— Я знаю, Леций, — смиренно сказала Зела.
— Подойди же ко мне.
Ольгерд увидел сцену встречи. Они обнялись, они сомкнулись как две разломанные половинки. Этот тип даже позволил себе запустить руки в ее пышные волосы. Они что-то сказали друг другу по-аппирски.
— Садись, — улыбнулся Леций, — я сяду только после дамы.
Она медленно опустилась рядом с ним, подминая рукой пышные юбки. Тогда сел и он, по-царски возложив руки на подлокотники. Его слуги расторопно эти руки поцеловали, каждый со своей стороны.
— Брысь! — шутливо скомандовал им Леций, как любимым, но надоедливым собакам.
Может, он и был «растрепан», но настроение у него явно было хорошим. Чего нельзя было сказать о его гостях.
— Носильщиков не маловато? — спросил Ольгерд.
Хозяин посмотрел на него ясными синими глазами и почему-то засмеялся.
— Я им еще не то позволяю, — заявил он вполне дружелюбно.
Обаяния у него было не отнять.

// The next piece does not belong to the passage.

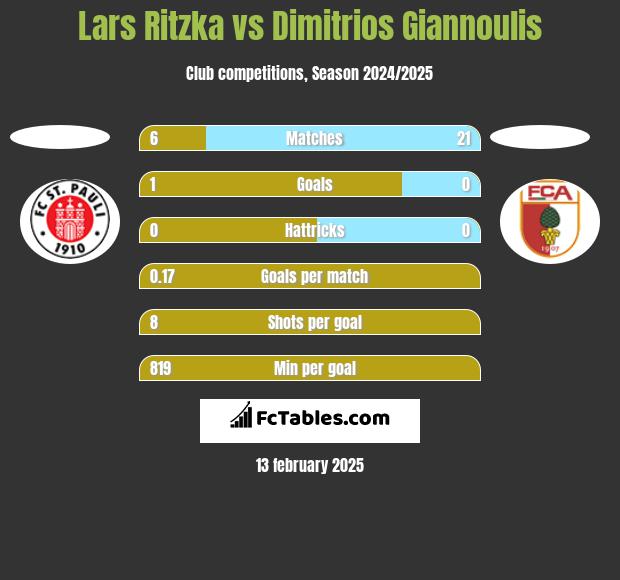 Lars Ritzka vs Dimitrios Giannoulis h2h player stats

Отвратительной самоуверенности тоже. Ольгерд не привык иметь дело со средневековыми вельможами.
— Видишь ли, — пустился в рассуждения хозяин замка, — эти мелкие детали бросаются в глаза только землянину. Ты привыкнешь. Если, конечно, захочешь остаться.
— Леций, зачем ты оправдываешься? — вдруг резко спросила Зела, как будто он делал что-то недостойное его сана, и Ольгерд с досадой понял, что она целиком на стороне этого самодовольного феодала, коей чести тот явно не заслуживал.
— Я не оправдываюсь, — пожал он плечом, — я просто готовлю нашего друга к нашей жизни. Он строг! И категоричен. Это пройдет. Знаете, жизнь хороша тем, что все, в конце концов, становится на места.
Обед напоминал кроличье мясо с гарниром, рагу из овощей было острым и подозрительно пахло, зато вино оказалось вполне сносным. Хлеб был горячий и испечен в виде маленьких продолговатых лепешек, посыпанных дроблеными зернами. В вазах красовались своеобразные виды яблок, апельсинов, винограда и прочих фруктов. Своего часа ждали и пирожные с кренделями. Ольгерд ел без аппетита, но с любопытством.
Хозяин, постоянно улыбаясь, вел светскую беседу, не особо содержательную, но все-таки разряжающую обстановку. Он рассказал, какой замечательный у него повар, где для него выращивают эти самые апельсины, почему ему нравится в столовой эта картина со слонами на водопое, и прочую отвлекающую муть. Потом он отложил вилку с ножом, как будто изнемог от пользования этими предметами, и измученно откинулся на спинку своего хозяйского кресла.
— Ольгерд, завтра весь мой муравейник будет говорить на твоем языке, — заявил он великодушно, — но это еще не все аппиры. Тебе придется самому научиться понимать нас. Так будет гораздо удобнее.